(EXERCISE BRIEF) Starting at the line holding "Parque Nacional Torres" and finishing at the line holding "Mots-clés: chile Montagne Neige panorama", transcribe the material exactly, keeping both ends but no pictures.

(DATA FOR REVIEW)
▼▼▼

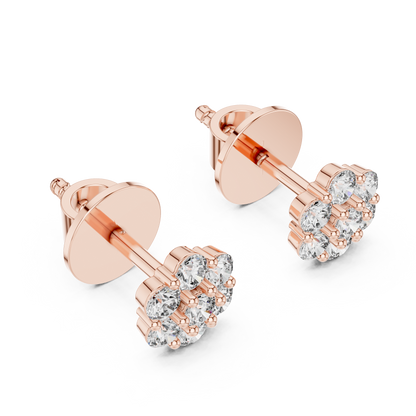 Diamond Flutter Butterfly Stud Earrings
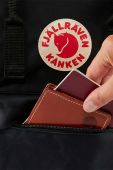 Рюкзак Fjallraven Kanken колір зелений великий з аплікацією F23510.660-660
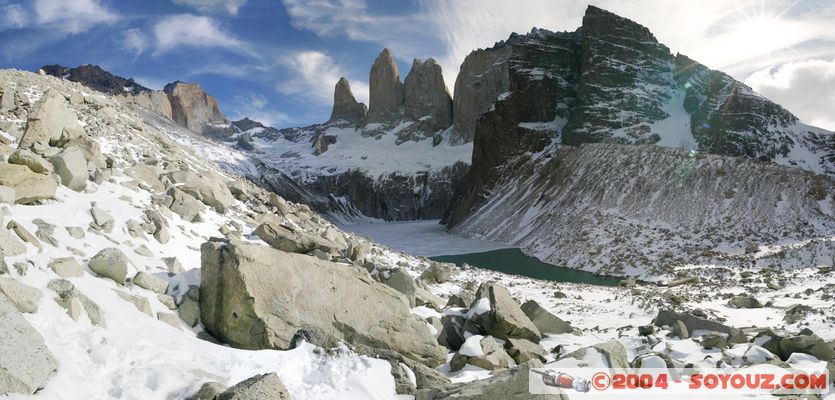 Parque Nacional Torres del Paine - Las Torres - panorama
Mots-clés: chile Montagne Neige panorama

▲▲▲
▼▼▼

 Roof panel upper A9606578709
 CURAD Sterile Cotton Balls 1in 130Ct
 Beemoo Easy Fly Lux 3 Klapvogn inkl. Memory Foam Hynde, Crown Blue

▲▲▲

(RESULT FOR THIS TASK)
 Parque Nacional Torres del Paine - Las Torres - panorama
Mots-clés: chile Montagne Neige panorama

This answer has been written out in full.